Input data:
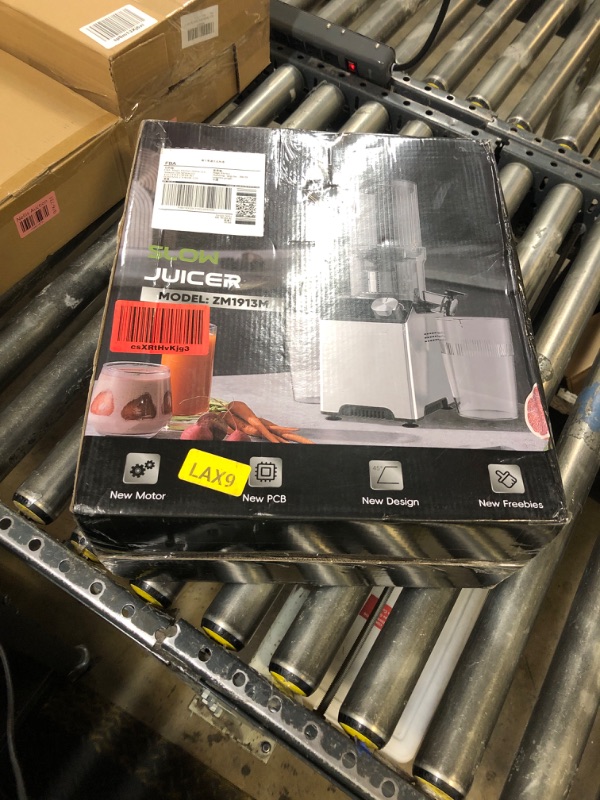 Photo 1 of WHUTO Cold Press Juicer, Juicer Machines with 4.35'' Wide Feed Chute, Stainless Steel Masticating Juicers Easy to Clean, Ergonomic Operational Panel Design, High Juice Yield, Platinum Color Knob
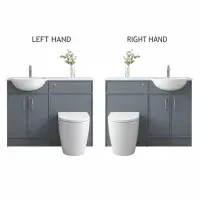 Signature Harvard Vanity Basin & Toilet Unit Set with Resin Basin - 1000mm Wide - Various Colours
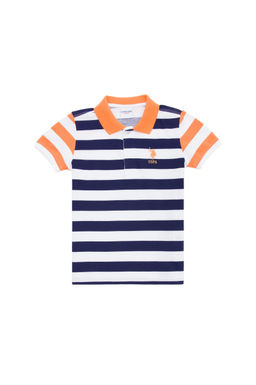 U. S. Polo Assn Темно-синяя футболка с воротником-поло для мальчика - U.s. polo assn фото 10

Problem details:
A word-for-word repeat of the lines from the line with "Signature Harvard Vanity" to the last line of the data, both ends included and pictures left out, is all that should appear.

Response:
 Signature Harvard Vanity Basin & Toilet Unit Set with Resin Basin - 1000mm Wide - Various Colours
 U. S. Polo Assn Темно-синяя футболка с воротником-поло для мальчика - U.s. polo assn фото 10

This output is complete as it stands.